Arca Swiss 6x9 FC vs. Linhof Techikardan 23Sgreenspun.com : LUSENET : Large format photography : One Thread
I am seeking opinions on Arca Swiss 6x9 FC vs. Linhof Techikardan 23S. My interests are wide-angle field photography (so the camera must accept 35mm lens) and macro. In macro I am interested in magnification more than in depth-of field (I actually shot macro mostly wide open). I also would like to have full movements, including rear tilt. Weight is second priority since I don't do long hikes: couple of miles tops. I am not very interested in 4x5 film, 6x9 is fine for my work. I also considered Ebony, but it seems that interesting models are expensier than AS or Linhof. From Ebonys I considered 45S and SV45Ti - as far as I understand, I don't need WA bellows wih Ebony, right? Thank you for your replies.
-- Michael Arkhipov (email@example.com), April 13, 2002
If weight's not too much of a consideration, why not consider a Calumet-Cambo 23SF? It's got lots of accessories, it's easily upgraded to 4x5, it's reasonable in price, and it's a well built camera. (Ezra Stoller used one.) It also has geared movements, which neither the Arca (non-metric) nor the Lihnof have. It takes standard Grafloc 6x7, 6x9 backs.
I have an Arca F, and can attest to it's quality. I had a chance to use a 6x9. One drawback to the Arca 6x9 is the use of Polaroid in vertical orientation. It's rediculous, but one needs to substantially raise the back standard so that the Polaroid back can fit on the camera. Of course, in typical situations, this means raising the front standard as well, and this can lead to potential instability. The Arca 6x9 also has a special attachment one must purchase at high cost to use grafloc backs. But, it's not really that inconvenient to use. (High cost pretty much goes hand-in-hand with Arca.)

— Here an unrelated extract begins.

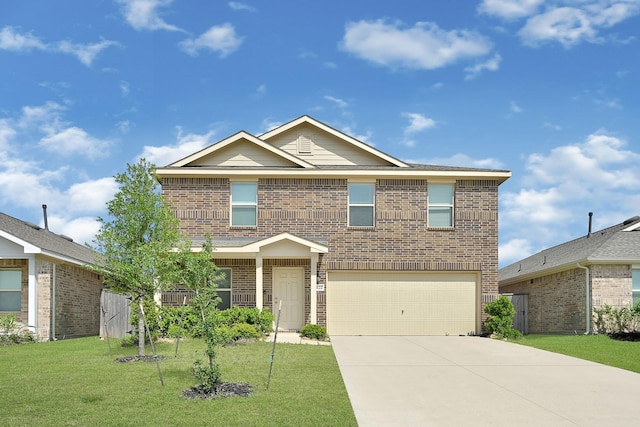 traditional home with a front lawn, driveway, brick siding, and a garage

Compared to the Linhof, the latter has smaller boards. I think that the Arca 110mm boards are a bit large for a 6x9. (But, probably no larger than those for the SF23.)
-- neil poulsen (firstname.lastname@example.org), April 13, 2002.
What about a more conventional 4x5 camera and then a 6x12 film back? I know that you have indicated a lack of interest in 4x5 but they are certainly more common and would give you more capability should your interests change. A 35 mm lens would be very difficult to use in this configuration but with the additional width of the 6x12 format a longer lens would have the same wide effect without as much distortion. A 4x5 camera would also have (almost always) a longer bellows so your macro work would be easier.
I know that this wasn't on point but perhaps some of this could help.
-- David Grandy (email@example.com), April 14, 2002.
I do this. There's also less potential for internal reflections, so potentially one can get better contrast.
-- neil poulsen (firstname.lastname@example.org), April 14, 2002.
If you don't need rise and fall of the back, the Canham DLC is excellent for the work you want to do because you won't ever need to change bellows (although you will need ecessed lensboards for lenses shorter than 58mm) as the canham DLC bellows can extend up to 550mm or be compact enough for using a 58mm lens on a flat board. You'll have more precision with the Arca and the Linhof. cameras.
Because the Arca lensboard is bigger than the Linhof's this makes it easier to reach the shutter speed and aperture controls on ultra wide angle lenses shorter than say 58mm. The 4x5 Arca-Swiis F camera might be even more ideal for this than any of the 6x9cm cameras you have asked about for this very reason. With the 4x5 camera and thestandard Arca-Swiss lensboard (which is recessed 13mm at the perimeter of the board) and the synthetic w/a bellows you can use (according to Arca-Swiss) lenses as short as 43mm before needing a deeper recessed board. with wide angle lenses this openess to the controls is really a big operational issue --unless you have fingers like a squid's tentacles.